◆ **Action item**: Reproduce the listing below in full and exactly; no pictures belong in the copy.
--- Dataset excerpt Enclosed Below ---
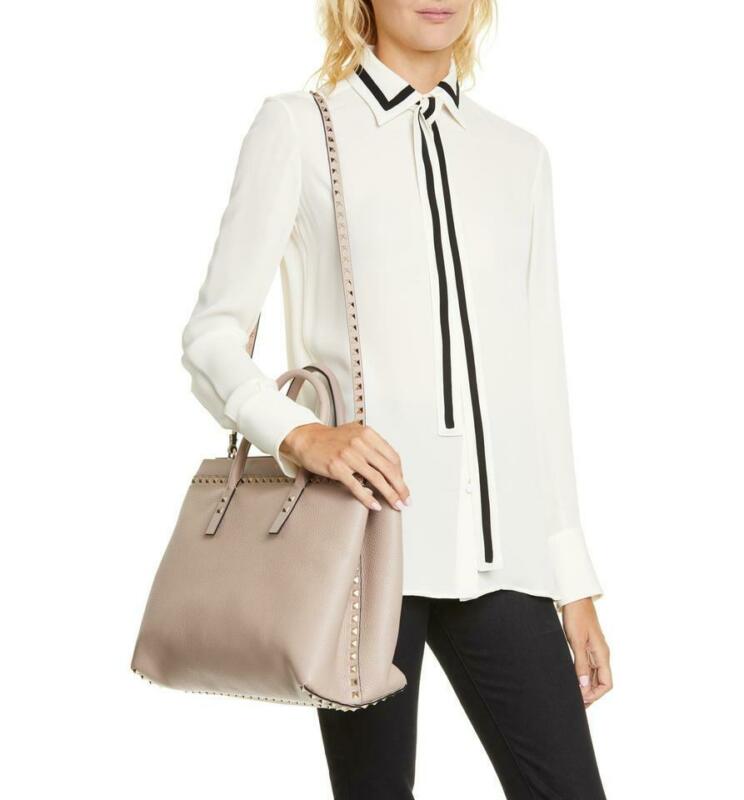 Valentino Medium Rockstud Double Handle Satchel Beige Leather Tote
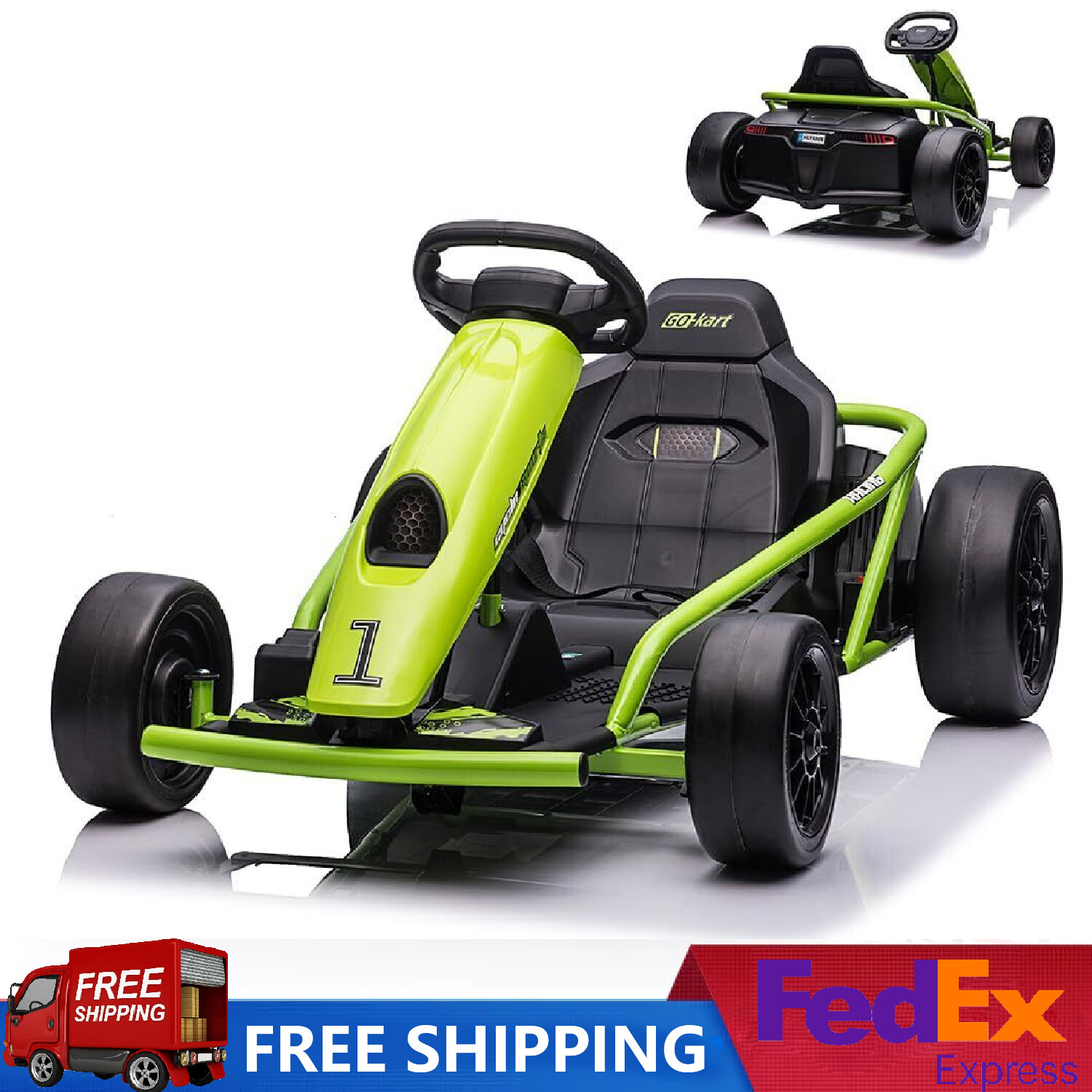 24V Electric Go Kart for Kids 9Ah Battery 8MPH High Speed Drifting Car Ride Toy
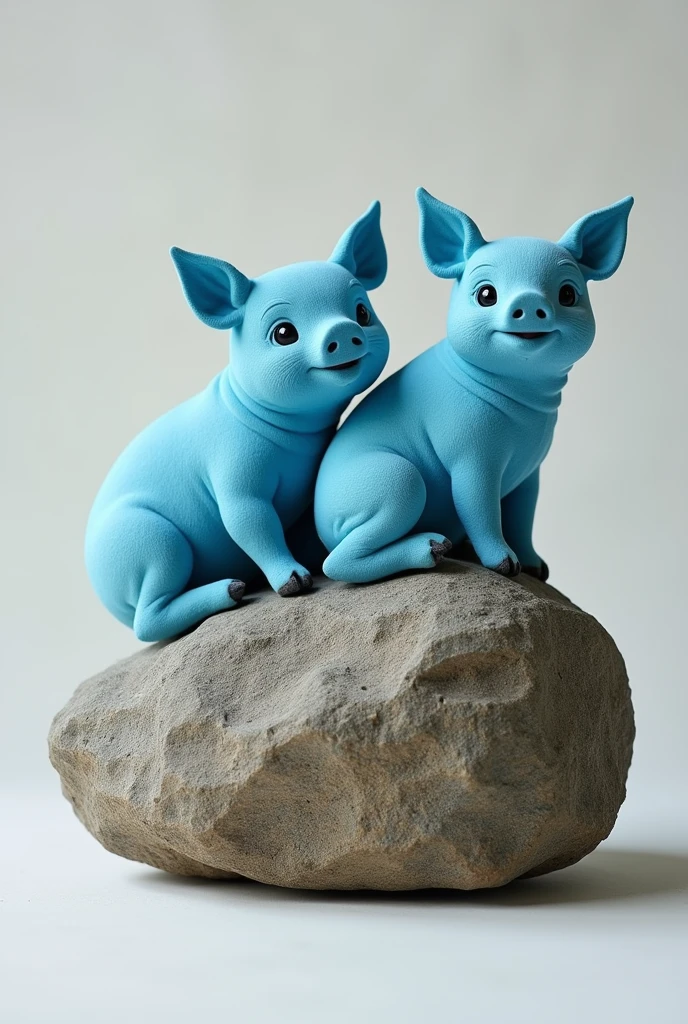 generate a rock with two blue pigatils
--- End of Enclosed Dataset excerpt ---
◆ **Answer space**:
 Valentino Medium Rockstud Double Handle Satchel Beige Leather Tote
 24V Electric Go Kart for Kids 9Ah Battery 8MPH High Speed Drifting Car Ride Toy
 generate a rock with two blue pigatils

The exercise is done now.